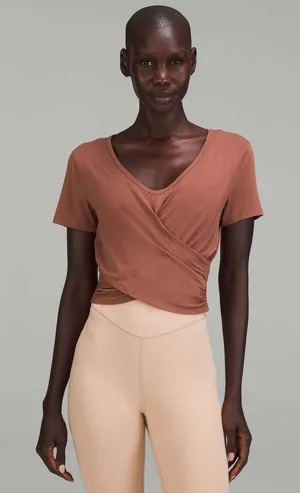 Lululemon Modal-Blend Yoga‎ Short Sleeve Shirt in Ancient Copper Size 2 thumbnail 1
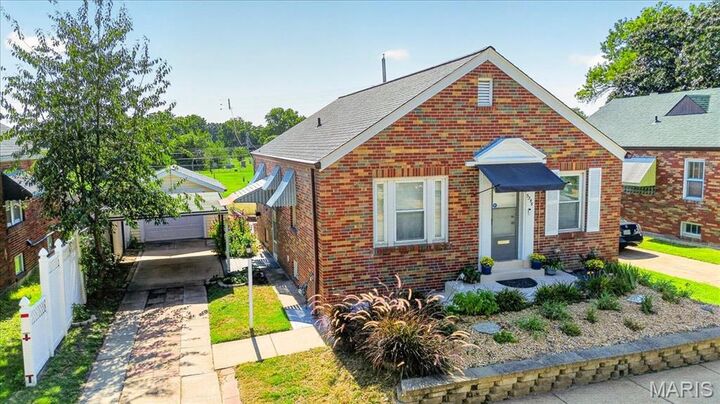 Property Photo: 5348 Sunshine Drive MO 63109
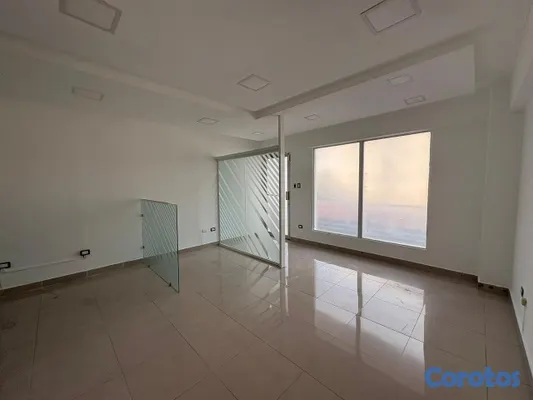 oficinas y locales comerciales - LOCAL COMERCIAL EN ALQUILER – BELLA VISTA | 40M2 2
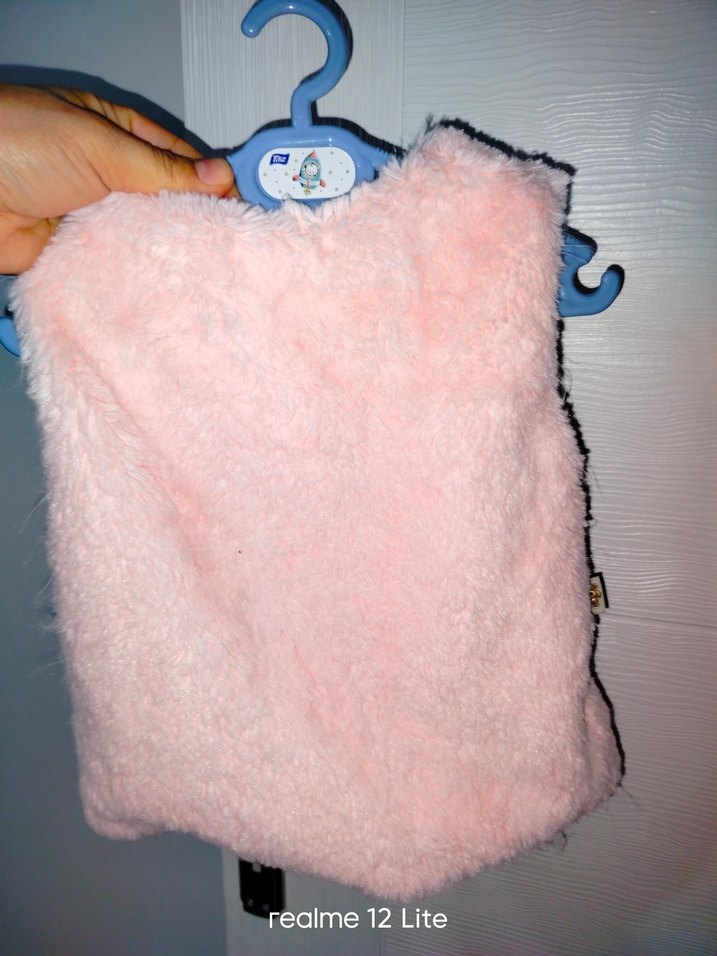 Kız Çocuk Pembe Kürklü Halter Yelek - Görsel 3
□ □ □ □
Work instructions: Extract word for word every line from the line that contains "oficinas y locales" to the final line of the data, both included, and nothing else; skip the pictures.

Answer:
 oficinas y locales comerciales - LOCAL COMERCIAL EN ALQUILER – BELLA VISTA | 40M2 2
 Kız Çocuk Pembe Kürklü Halter Yelek - Görsel 3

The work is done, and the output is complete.